## The task:
Repeat precisely the span of lines below that opens with the line containing "Portrait of Sümeyye Erdoğan" and closes with the line containing "Полевой контроллер TOPCON", both included.

══ Data records ══

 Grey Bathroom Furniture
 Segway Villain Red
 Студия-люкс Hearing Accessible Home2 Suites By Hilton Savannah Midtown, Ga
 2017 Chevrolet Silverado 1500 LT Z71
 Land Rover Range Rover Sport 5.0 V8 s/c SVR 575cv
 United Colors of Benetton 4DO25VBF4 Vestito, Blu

═══
══ Data records ══

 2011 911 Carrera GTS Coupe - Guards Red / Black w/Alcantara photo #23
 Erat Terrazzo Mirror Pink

═══
══ Data records ══

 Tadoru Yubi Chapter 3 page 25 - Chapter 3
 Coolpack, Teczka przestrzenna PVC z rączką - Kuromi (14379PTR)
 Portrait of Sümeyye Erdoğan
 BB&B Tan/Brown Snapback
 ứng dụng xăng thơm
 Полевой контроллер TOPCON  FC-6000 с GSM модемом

═══

## Your response:
 Portrait of Sümeyye Erdoğan
 BB&B Tan/Brown Snapback
 ứng dụng xăng thơm
 Полевой контроллер TOPCON  FC-6000 с GSM модемом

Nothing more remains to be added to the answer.